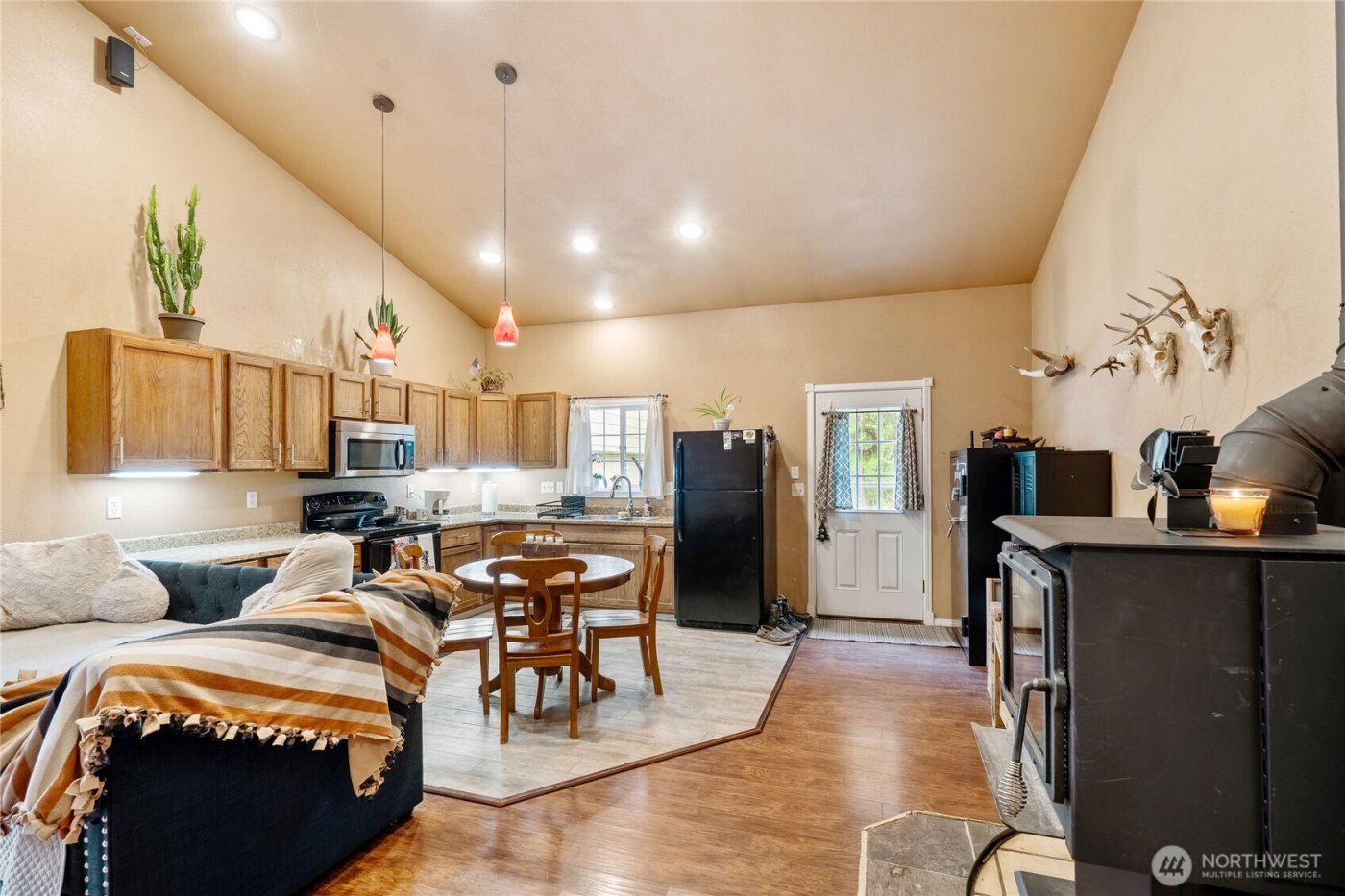 5 Meadowhills Lane , Elma, WA 98541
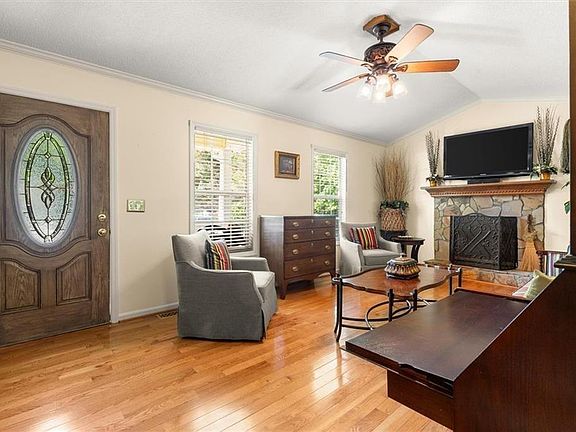 5th image of 3091 Westview Dr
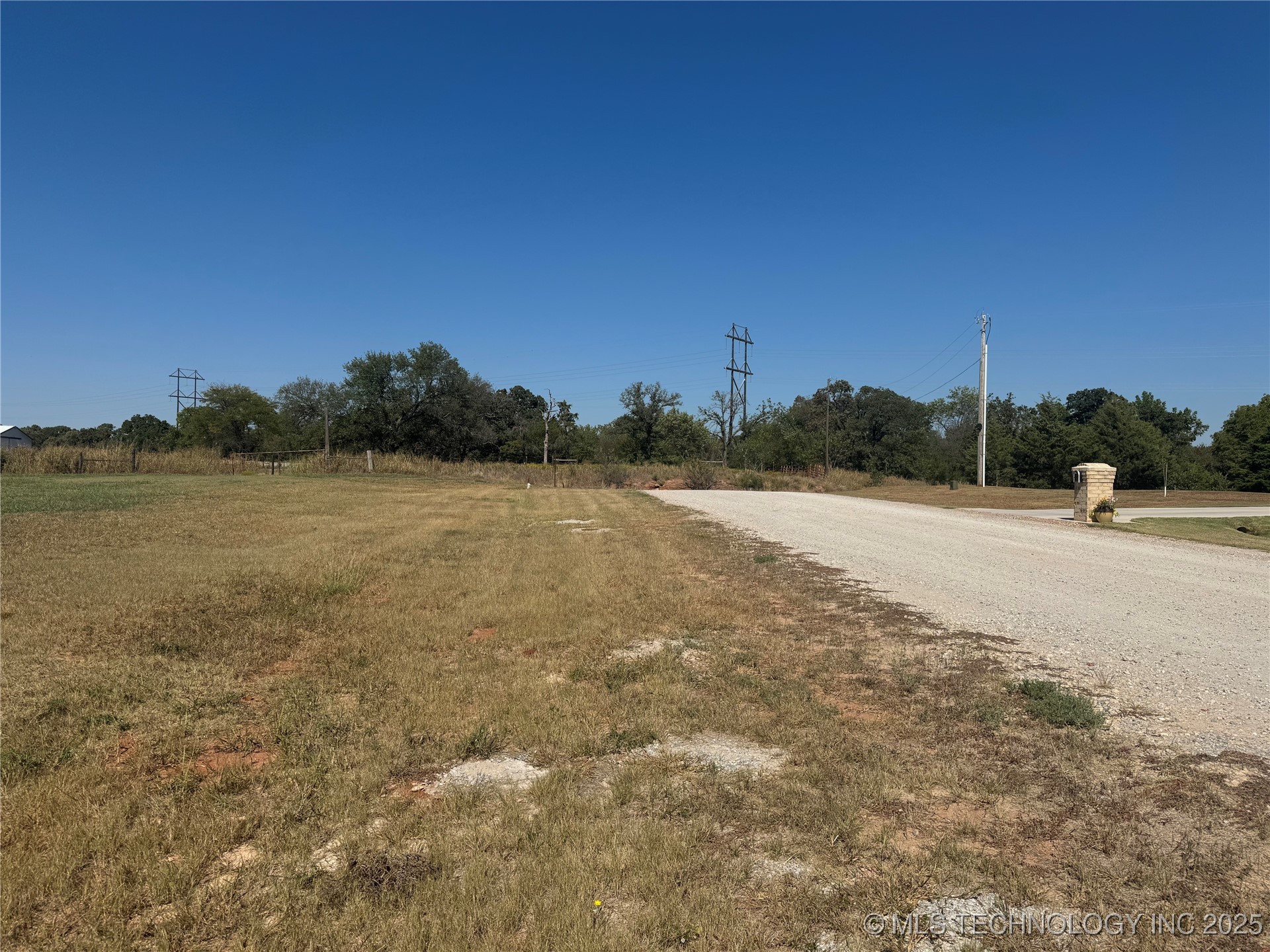 2224 N Fairlake Drive Property Photo 15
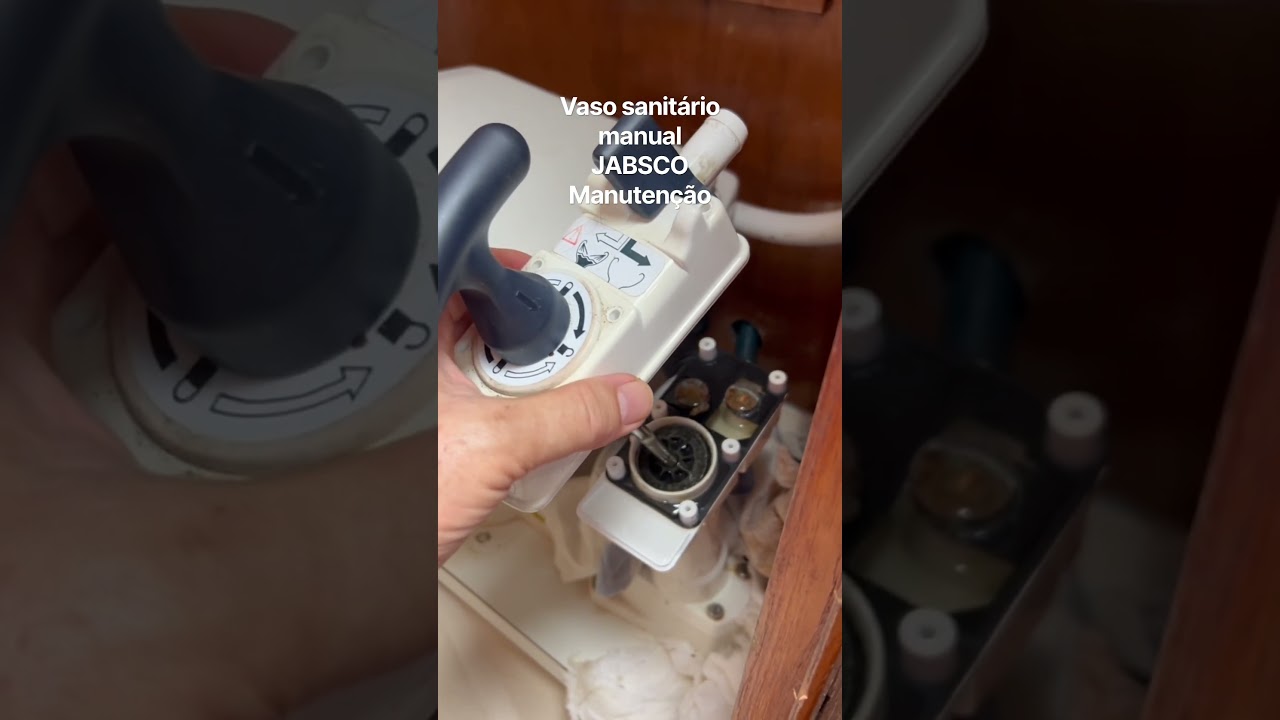⁣Veleiro Lampejo: manutenção vaso sanitário Jabsco. #sailing #sailboat #ubatuba #veleiros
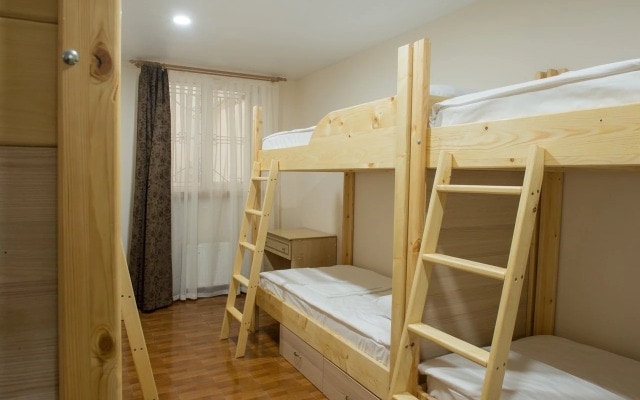Hostel S-Hotel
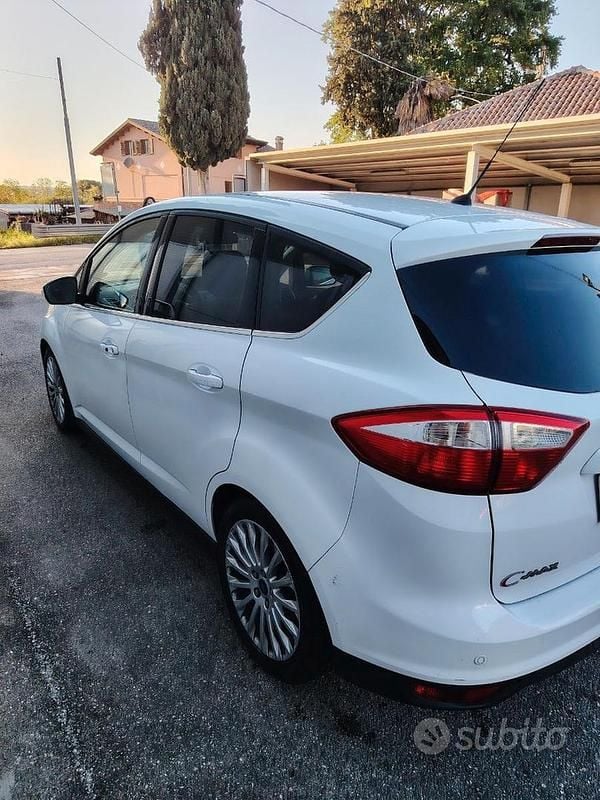 Usata Ford C-MAX 115 CV (84 kW) 2012 Bianco Monovolume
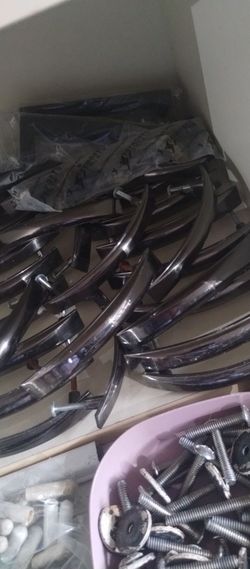Cabinet door handle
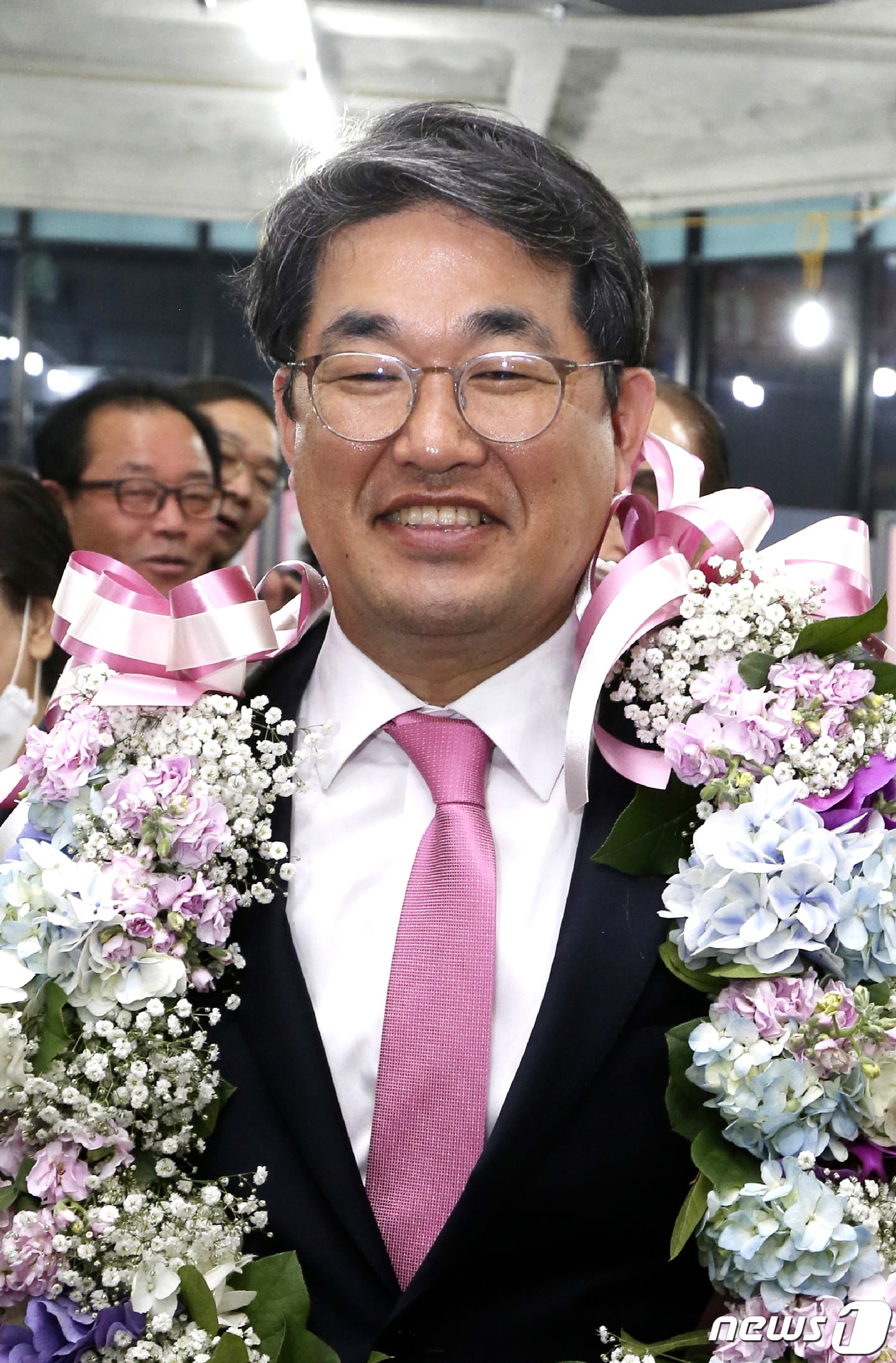 제21대 국회의원선거 투표일인 15일 인천 중구강화옹진 배준영 미래통합당 당선자가 선거사무실에서 지지자들에게 축하받고 있다.2020.4.16/뉴스1 ⓒ News1 인천사진공동취재단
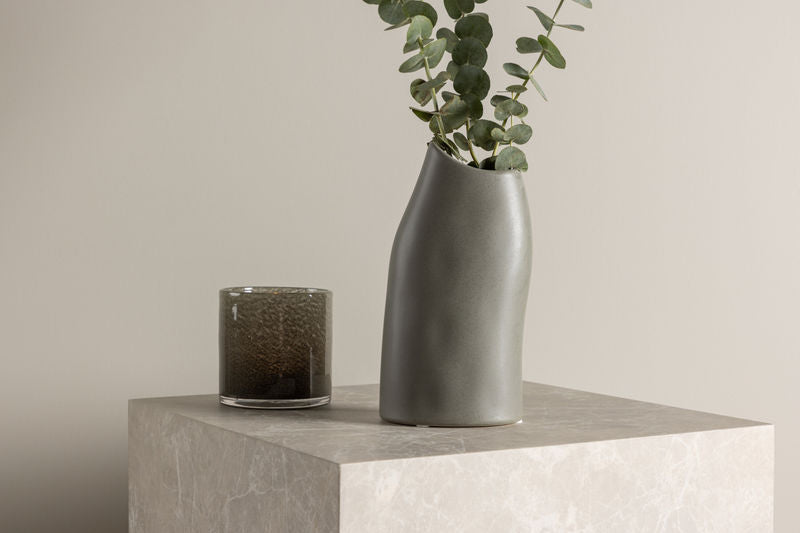 Ernst Vas - Mörkgrå - 12*9*23Hcm Vaser Venture Home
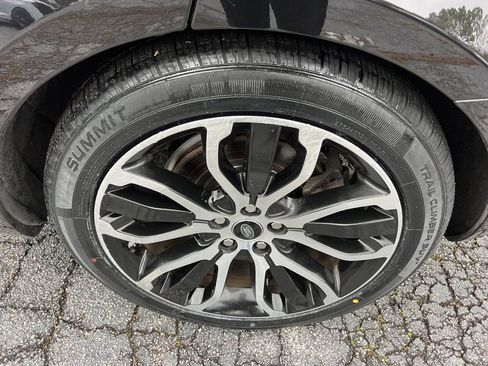 Used 2021 Land Rover Range Rover Sport HSE Silver Edition image 16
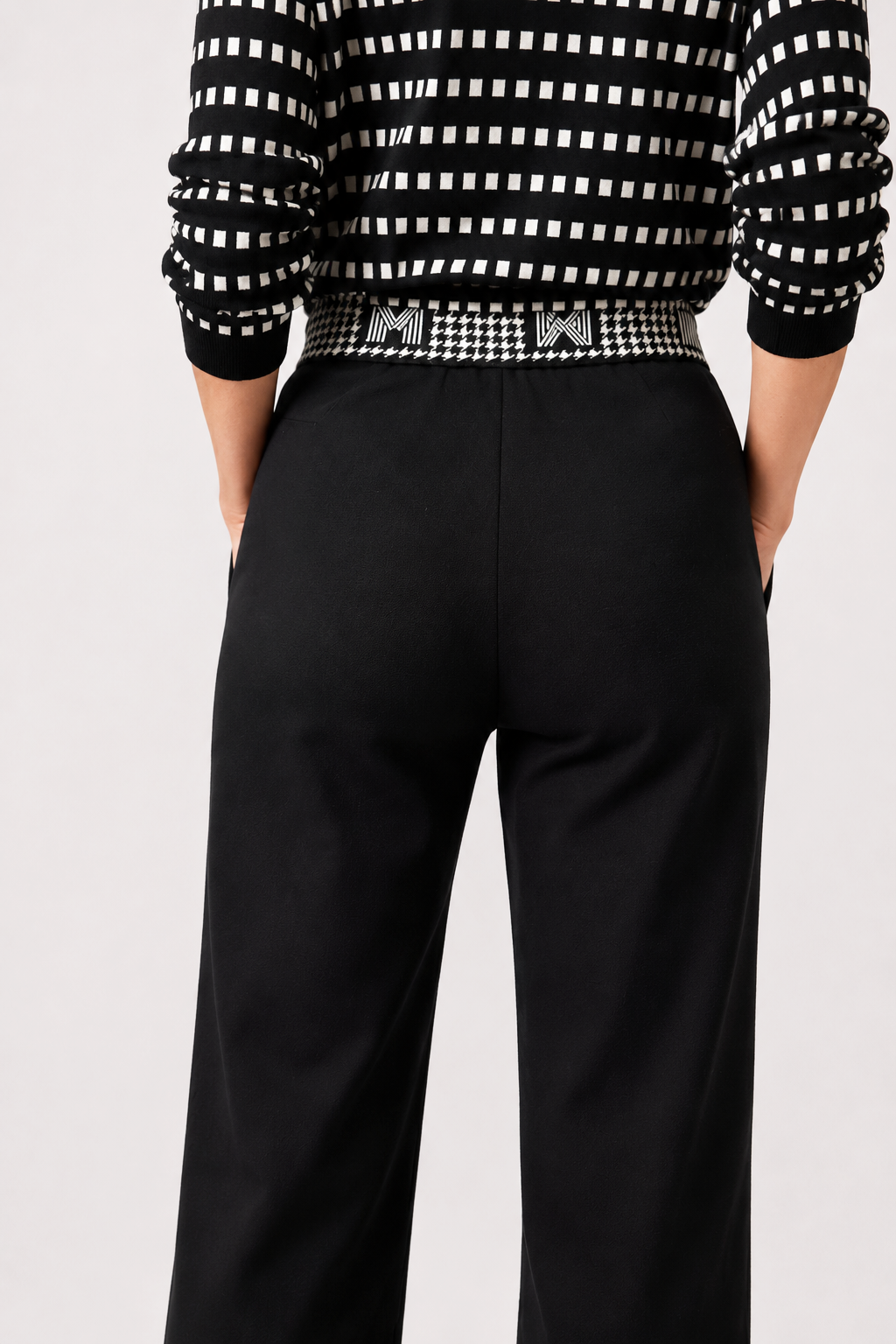 Pantalón Punto Nicolasa Negro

• **TASK STATEMENT**
Starting with the line that contains "Cabinet door handle", reproduce every line down to the end of the listing above, both endpoints included. Pictures stay out.

• **RESPONSE TO THE EXERCISE**
Cabinet door handle
 제21대 국회의원선거 투표일인 15일 인천 중구강화옹진 배준영 미래통합당 당선자가 선거사무실에서 지지자들에게 축하받고 있다.2020.4.16/뉴스1 ⓒ News1 인천사진공동취재단
 Ernst Vas - Mörkgrå - 12*9*23Hcm Vaser Venture Home
 Used 2021 Land Rover Range Rover Sport HSE Silver Edition image 16
 Pantalón Punto Nicolasa Negro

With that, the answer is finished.